In the same year he was ordained priest by Dr. Troy, Archbishop of Dublin, and for six years lectured in logic, metaphysics, and ethics. In 1812 moved to the parish of Belfast, which comprised not only the entire town but also a district more than thirty miles in extent. On being appointed Bishop of Down and Connor in 1825, he persuaded the Vatican to change the episcopal parish from Downpatrick to Belfast, where the real centre of the diocese lay. While there he built a large church in almost every parish, and founded St. Malachy's Seminary. Owing to the dearth of Catholic schools, Dr. Crolly was obliged to allow Catholic children to attend Protestant schools, a course of action that caused a fierce controversy after his death.
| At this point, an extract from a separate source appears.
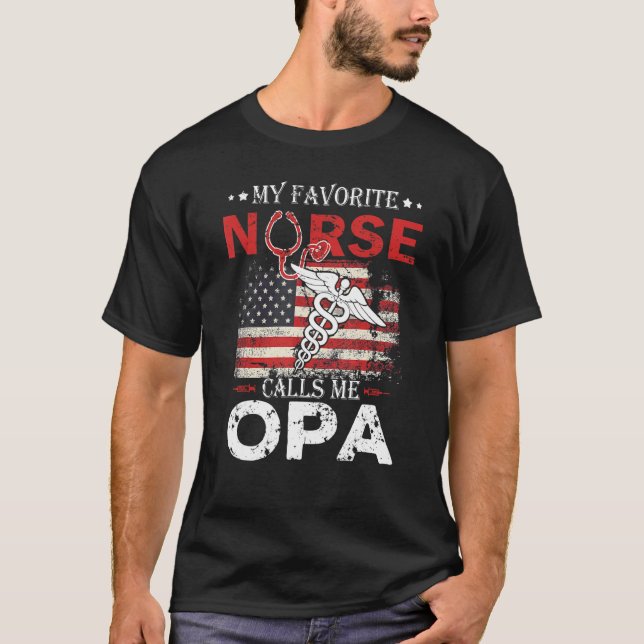 Camiseta Adorável Minha Enfermeira Favorita Me Chama Opa St (Frente)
In 1835 he was appointed to the archdiocese of Armagh. In 1838 he founded St. Patrick's Seminary in Armagh. His great work however, was the foundation of the cathedral, which was not completed till twenty-four years after his death. Having with great difficulty acquired a site on an historic hill by the side of the town, he laid the foundation stone on St. Patrick's Day. The work of construction went steadily on until the famine years, and the primate visited several cities in Ireland, making an appeal in person. The famine, however, stopped the progress of the work.
When the question of the Queen's colleges arose, the primate was one of those bishops who looked favourably on the project. It was however formally condemned by the Vatican as pernicious to the Faith.
He died in Drogheda of the cholera on 6 April 1849, and was buried in the centre of the choir of the still unfinished cathedral of Armagh.
A blue plaque to Archbishop Crolly was erected on Ballykilbeg Church on 1 June 2004 by The Ulster History Circle.